It’s no secret that social media addiction impacts mental health negatively. There’s also the very real threat of your account arbitrarily being shut down by the powers-that-be, and losing all your hard work and memories in a single instant.
The culture of Instagram
I envision Instagram as a bookstore of all my favourite artists and authors in one place. I move toward a shelf with a beautiful tome I want to thumb through, but on my way there, a garish billboard pops up demanding my attention and wanting me to buy their shiny new product. After successfully sidestepping it, I take a few steps toward my destination, only to get stopped by yet another one, this time offering discounted items in exchange for talking about them in my book.
On and on.
Meanwhile, some loud music plays in the background and tells me what is trendy at the moment, what to publish, what kinds of products I need to become a bestselling author. Everyone else who is in the store with me is also screaming at the top of their lungs to be heard over all the noise.
“Look at me. Look at me. LOOK AT ME. LOOK AT ME.”
By the time I get to the book I was eyeing, I’ve forgotten what I was there for and am so overstimulated and exhausted that I give up and leave the store. On the way out, someone pushes another flyer in my face.
That is what Instagram feels like to me.
As I try to get to my favourite people and books, I am also speaking out and trying to be heard. I could stay there and continue to wade through the mess, continue adding my voice to the ruckus.
Or I could walk away and find somewhere quieter.
To be fair, my personal experience with Instagram has not been as bad as it was once, thanks to my strict boundaries and my ability to easily walk away. However, it does seem like a waste of my limited capacity to spend so much time on there trying to reach those who want to hear from me, only to get lost in the crowd of advertisements and at the mercy of an ever-changing algorithm.
Why I made an Instagram to begin with
As an extremely private person, I was loath to make a public Instagram. But of course, I’m also an author trying to build an audience who will eventually (hopefully) read my books, and for that, my choice was either 1) social media or 2) pay for ads.
Social media it was.
Authors nowadays must not only be writers, but also marketers, social media managers, content creators, graphic designers, copywriters, photographers, branders...
And rich.
I’d heard it said that publishers won’t take an author seriously unless they have thousands of followers.

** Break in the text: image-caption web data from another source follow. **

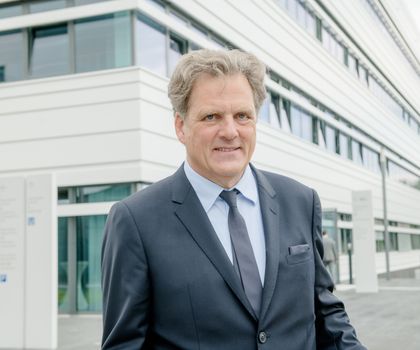 Neuer Biomarker ermöglicht Frühdiagnose von Morbus Parkinson Prof. Dr. Klaus Gewert ist geschäftsführender Gründungsdirektor von PRODI – Zentrum für Proteinforschung der Ruhr-Universität Bochum – und CEO der Firma betaSENSE.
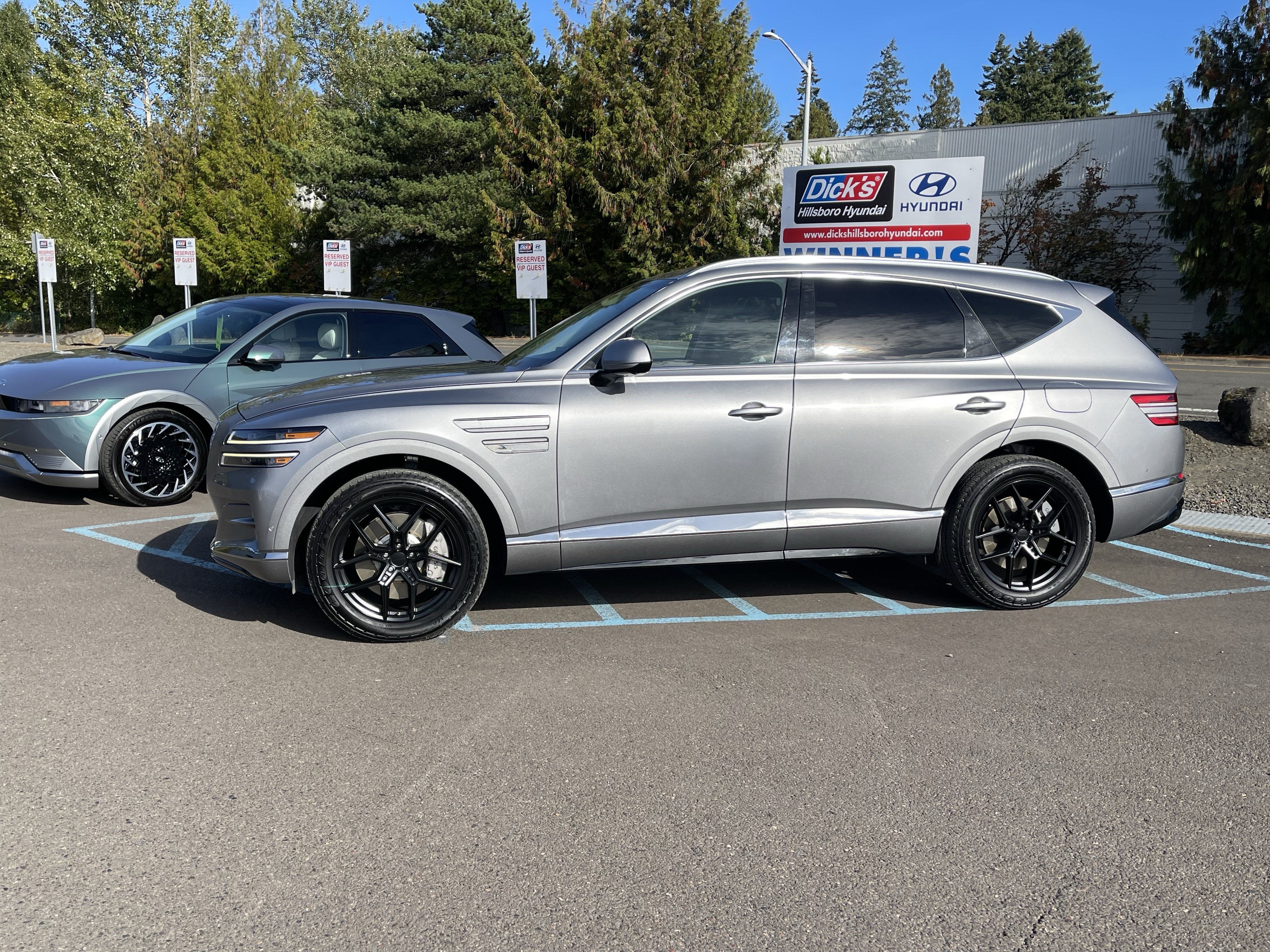 2023 Genesis GV80 Advanced +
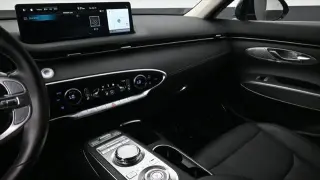 Genesis GV70 2024 AWD 2.5T Estándar 4p SUV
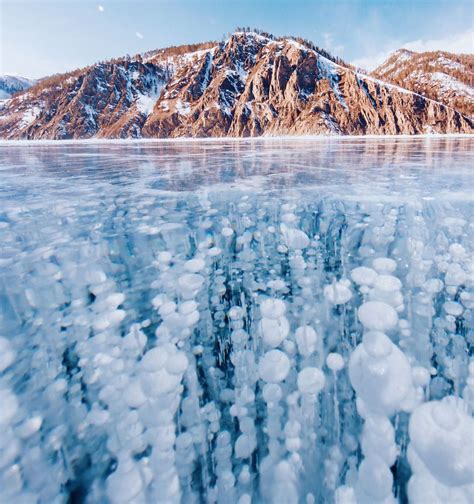 Imágenes del lago Baikal, el más antiguo del mundo, congelado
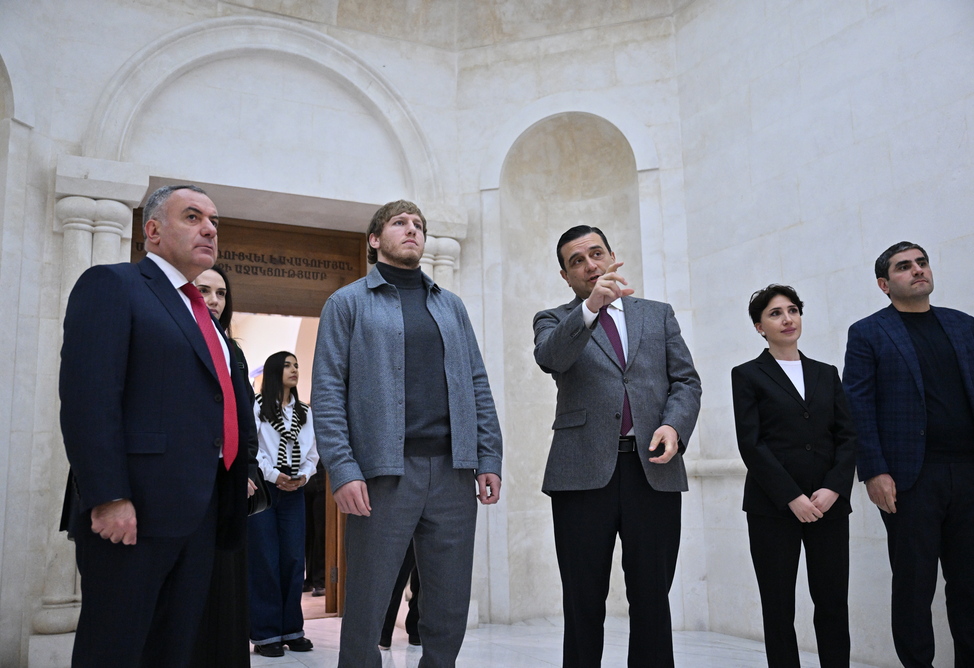 Ardshinbank Chairman of the Board and Brand Ambassador Artur Aleksanyan Visited the Patients of the "Zinvori Tun" Rehabilitation Center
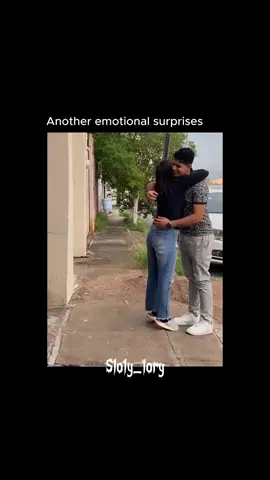 #surprise#surprisereunion#familyreunion#wholesome #trendingvideo #foryour #fyp #heartwarmingmoments #emotionalmoments #viralvideos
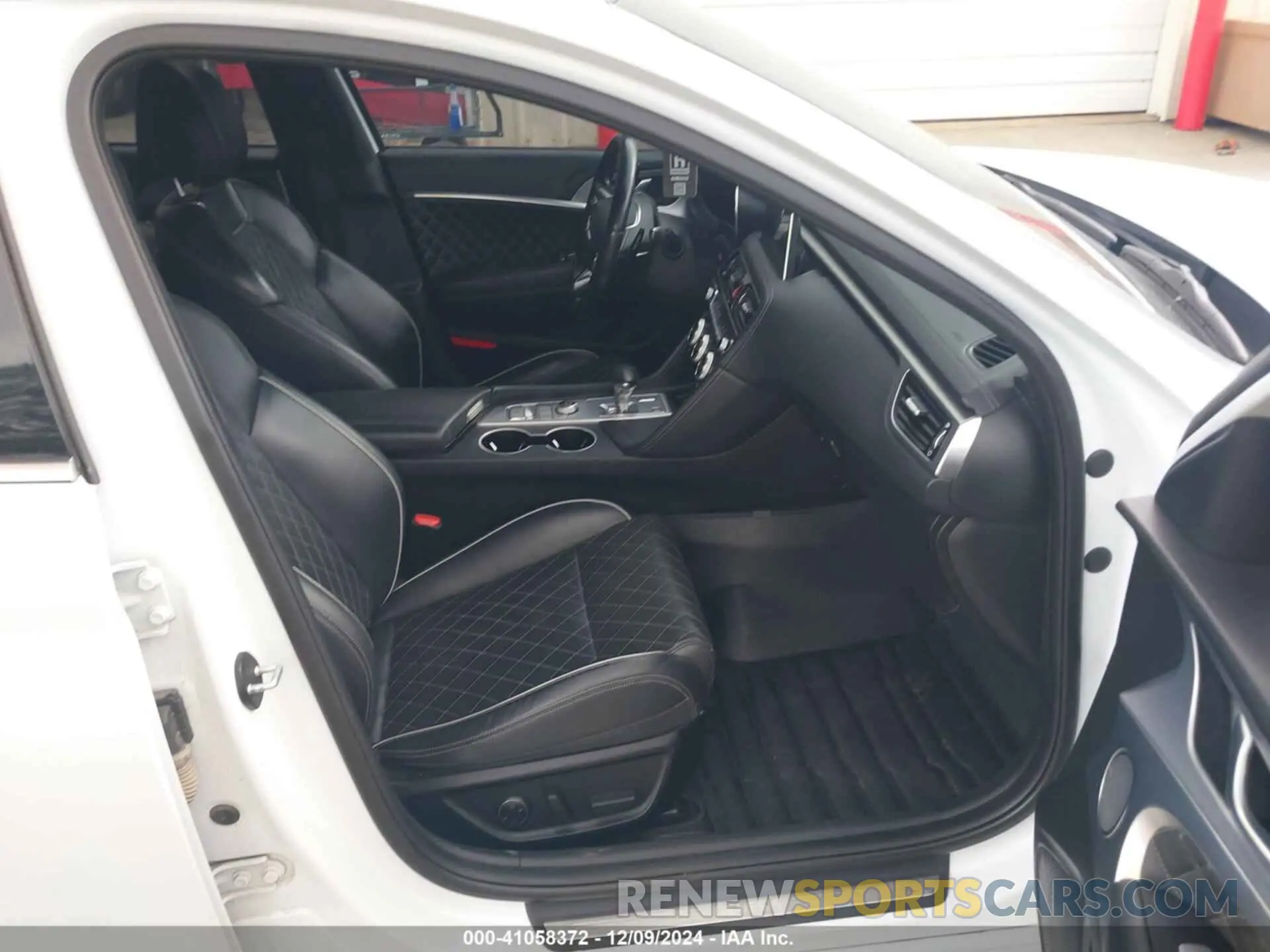 5 fotografías del automóvil dañado KMTG34LE9KU027098 GENESIS G70 2019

It’s a game I felt I had no choice but to join, yet wished to get out of.
I just want to write.
I don’t want to play into the trends of reels, trending audio, and endlessly researching what’s changing with the algorithm—just to be seen. My strengths are not in content creation and never have been. If you followed me over from Instagram, you know my account has always been text-heavy—long, thoughtful captions paired with a single image.

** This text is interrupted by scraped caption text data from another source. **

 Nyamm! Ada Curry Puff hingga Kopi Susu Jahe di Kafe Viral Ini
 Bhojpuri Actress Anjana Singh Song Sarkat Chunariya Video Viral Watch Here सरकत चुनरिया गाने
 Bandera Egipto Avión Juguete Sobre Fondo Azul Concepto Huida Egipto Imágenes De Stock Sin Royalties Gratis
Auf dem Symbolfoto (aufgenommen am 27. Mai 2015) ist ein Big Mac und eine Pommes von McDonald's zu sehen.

The caption limit has kept me from expressing all my thoughts fully more times than I can count. I have often wondered why I bother staying on an app that so clearly does not work with my style.

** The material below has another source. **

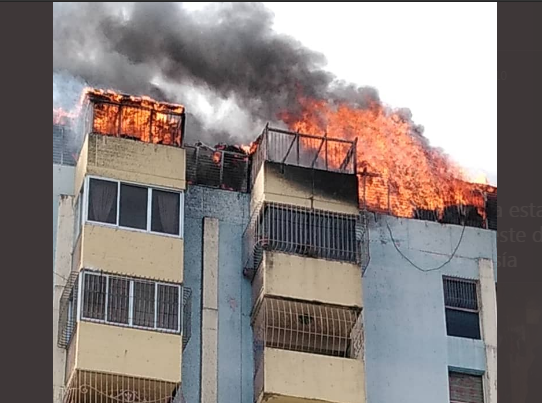 En Imágenes: Incendio de gran magnitud consumió penthouse de una residencia en Lara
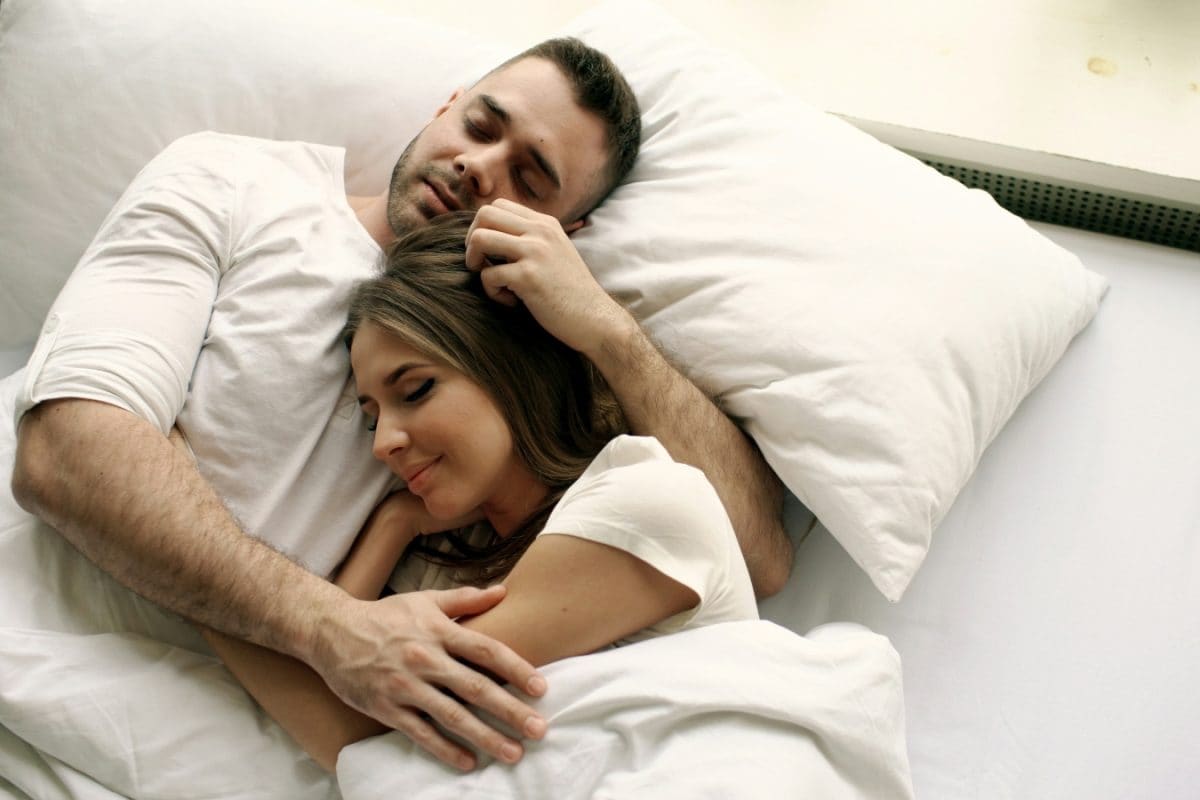 Sleep Divorce: Should Couples Sleep Separately? A Viral Reddit Post Has Users Agreeing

Since moving most of my personal reflections and book reviews to Substack, I’ve found a more enriching, life-giving environment.
So, Instagram, is this a break-up?
At the moment, I’ve deactivated all my social media and deleted the apps completely. Who knows if this break-up is permanent? If I find what I’m looking for here, I don’t know if I will return. It has become altogether too loud, overstimulating, and stressful in the Old World.
If I do go back, it will be for the small community of people I’ve found there (although if I manage to lure them over here…….hmmm..).
Either way, I don’t see myself going back to the same level of engagement as I was trying to be at before finding a home on Substack.
That feels freeing.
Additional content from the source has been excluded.